Cataloging the Web

Making the WWW More Accessible

Recent Postings

Subject: Re: Cataloging the Web
Date: Sat, 03 May 1997 07:38:30 -0700
From: "Eyler Coates, Sr."
CC: Michelle Martin Robertson
Michelle Martin Robertson wrote:

> What concerns me most about the keyword approach is that, the way the
> web is growing, simply having "subjects" and even "forms" as types of
> keywords to identify web sites will become grossly insufficient.  If
> web sites ever begin a trend towards higher degrees of specificity, I
> think we'll end up with a similar problem to the current one.

In fact, isn't that what we have now?  The tendency seems to be toward
websites with very narrowly defined content.  Those covering very broad
subjects ("Philosophy") seem more often to be collections of URL's for
other sites.

> Take
> this example:  We find a web site that addresses "The Effect of Man on
> the Environment."  The webmaster has assigned the subjects "man" and
> "environment."  But how can we differentiate between this website and
> the ones on "The Effects of the Environment on Man?"

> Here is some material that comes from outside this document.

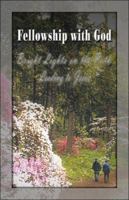 Fellowship with God: Bright Lights on the Path Leading to Jesus 1424111757 Book Cover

For one thing, there is the title itself.  But yours is an excellent
point: although a purusal of entries that a search engine might pull up
would allow a person to pick out what was wanted by examining titles and
abstracts, the idea of an improved system is to narrow the search
sufficiently so that there is not so much irrelevant material to sift
through.  That's what we have now.  Indeed, your point focuses on the
very heart of the problem of improving access.

> It seems to me
> that it would be best to have a variety of possible types of "subject"
> entries.  An "effect of" subject-tag would be very useful in this
> situation.  Of course, most sites wouldn't use it, but to some it
> would be essential for proper identification.   The result for the
> first site would be something like <subject = environment> and <effect
> of = man>.

As this whole discussion thread develops, it begins to become apparent
that there will need to be two approaches to "cataloging the web," which
are roughly analogous to Books in Print on one hand, and a standard
library catalog on the other.  This means a rather "rough" access to the
entire World Wide Web for persons wanting the broadest possible approach
to *all* the material on the Web, and a more focused and selective
approach to those "materials that have (at some level) been evaluated as
useful for our users or germane to our missions," in the words of Steve
Shadle.  Cataloging for the former will mean something that will be
confusing, perhaps, without closer examination of the Website itself;
cataloging for library purposes will be something with greater
specificity, having all the elements you identify clearly spelled out.
We might hope that both types of cataloging will be complementary.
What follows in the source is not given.